A provident fund is a particular type of fund for the employees that benefits them while exiting the company.
Both the employer and the employee contribute to the fund. The employees contribute a percentage of their basic salary, and the employer also adds specific amounts to the fund.
In other words, a provident fund is a retirement scheme run by the government or the company.
The employees and employers make this voluntary investment fund to save for the employees’ retirement.
The contribution percentage to the fund depends on the country’s provident fund laws. However, the contribution percentage of the employees is usually between 2% and 15% of their salary.
The PF (Provident Fund) laws define the minimum age and withdrawal amount. Once the employee retires from the business or job, they can withdraw 100% of the money.
In Bangladesh, the relatives of the employees can withdraw the money after the death of the provident fund holders.

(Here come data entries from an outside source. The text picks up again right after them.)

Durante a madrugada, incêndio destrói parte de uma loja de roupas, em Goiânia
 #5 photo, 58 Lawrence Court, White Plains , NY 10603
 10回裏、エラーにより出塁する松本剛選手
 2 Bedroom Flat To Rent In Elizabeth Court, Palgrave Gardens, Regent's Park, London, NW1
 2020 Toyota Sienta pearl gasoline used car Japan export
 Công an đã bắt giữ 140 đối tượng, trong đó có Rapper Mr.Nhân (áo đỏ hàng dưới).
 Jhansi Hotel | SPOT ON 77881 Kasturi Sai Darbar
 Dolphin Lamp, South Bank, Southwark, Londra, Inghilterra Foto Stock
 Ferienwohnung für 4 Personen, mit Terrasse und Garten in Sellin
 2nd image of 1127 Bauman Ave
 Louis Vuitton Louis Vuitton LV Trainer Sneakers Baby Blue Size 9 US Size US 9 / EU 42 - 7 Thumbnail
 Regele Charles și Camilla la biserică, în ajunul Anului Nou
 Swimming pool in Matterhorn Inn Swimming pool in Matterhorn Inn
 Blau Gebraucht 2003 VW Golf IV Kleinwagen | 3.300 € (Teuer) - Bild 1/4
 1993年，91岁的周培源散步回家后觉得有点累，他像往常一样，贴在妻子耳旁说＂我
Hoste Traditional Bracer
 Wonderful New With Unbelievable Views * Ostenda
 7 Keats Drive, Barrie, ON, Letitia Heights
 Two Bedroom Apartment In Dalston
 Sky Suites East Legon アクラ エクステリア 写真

What is Provident Fund Law in Bangladesh?
Bangladesh’s provident fund-related laws can be found in the Labour Act 2006 and the Labour Rules 2015.
According to these acts of Bangladesh, an employer must contribute the same amount to the provident fund as the employees.
That means if the employee pays 12 percent of their basic salary, the company’s owner must pay the same amount to the provident fund.
You shouldn’t mix up the provident fund with the pension fund; the two are entirely different.
As the employees of private companies don’t get the benefits of pension funds, Section 264 of the Labour Act 2006 ensures a provident fund for the welfare of the private sector.
According to this law, the company must create a Board of Trustees responsible for the managing of the fund.
Section 264(5) of the Labour Act 2006 ensures equal participation of the employer and employees. This means the Board of Trustees must have the same number of employers and employees.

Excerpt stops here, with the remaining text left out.